TCC 2016: Theory of Cryptography pp 183-203

# Pseudoentropy: Lower-Bounds for Chain Rules and Transformations

Conference paper

DOI: 10.1007/978-3-662-53641-4_8

Volume 9985 of the book series Lecture Notes in Computer Science (LNCS)
Cite this paper as:
Pietrzak K., Skórski M. (2016) Pseudoentropy: Lower-Bounds for Chain Rules and Transformations. In: Hirt M., Smith A. (eds) Theory of Cryptography. TCC 2016. Lecture Notes in Computer Science, vol 9985. Springer, Berlin, Heidelberg

## Abstract

Computational notions of entropy have recently found many applications, including leakage-resilient cryptography, deterministic encryption or memory delegation. The two main types of results which make computational notions so useful are (1) Chain rules, which quantify by how much the computational entropy of a variable decreases if conditioned on some other variable (2) Transformations, which quantify to which extend one type of entropy implies another.

Such chain rules and transformations typically lose a significant amount in quality of the entropy, and are the reason why applying these results one gets rather weak quantitative security bounds. In this paper we for the first time prove lower bounds in this context, showing that existing results for transformations are, unfortunately, basically optimal for non-adaptive black-box reductions (and it’s hard to imagine how non black-box reductions or adaptivity could be useful here.)

A variable X has k bits of HILL entropy of quality $$(\epsilon ,s)$$ if there exists a variable Y with k bits min-entropy which cannot be distinguished from X with advantage $$\epsilon$$ by distinguishing circuits of size s. A weaker notion is Metric entropy, where we switch quantifiers, and only require that for every distinguisher of size s, such a Y exists.

We first describe our result concerning transformations. By definition, HILL implies Metric without any loss in quality. Metric entropy often comes up in applications, but must be transformed to HILL for meaningful security guarantees. The best known result states that if a variable X has k bits of Metric entropy of quality $$(\epsilon ,s)$$, then it has k bits of HILL with quality $$(2\epsilon ,s\cdot \epsilon ^2)$$. We show that this loss of a factor $${\varOmega }(\epsilon ^{-2})$$ in circuit size is necessary. In fact, we show the stronger result that this loss is already necessary when transforming so called deterministic real valued Metric entropy to randomised boolean Metric (both these variants of Metric entropy are implied by HILL without loss in quality).

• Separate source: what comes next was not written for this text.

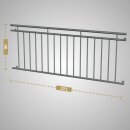 HAGO24 Französischer Balkon Fenstergitter Geländer Edelstahl Stabgeländer 225x90cm Julietbalustrade Scheinbalkon Vorstellbalkon Brüstungsgitter Austrittsbalkon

The chain rule for HILL entropy states that if X has k bits of HILL entropy of quality $$(\epsilon ,s)$$, then for any variable Z of length m, X conditioned on Z has $$k-m$$ bits of HILL entropy with quality $$(\epsilon ,s\cdot \epsilon ^2/ 2^{m})$$. We show that a loss of $${\varOmega }(2^m/\epsilon )$$ in circuit size necessary here. Note that this still leaves a gap of $$\epsilon$$ between the known bound and our lower bound.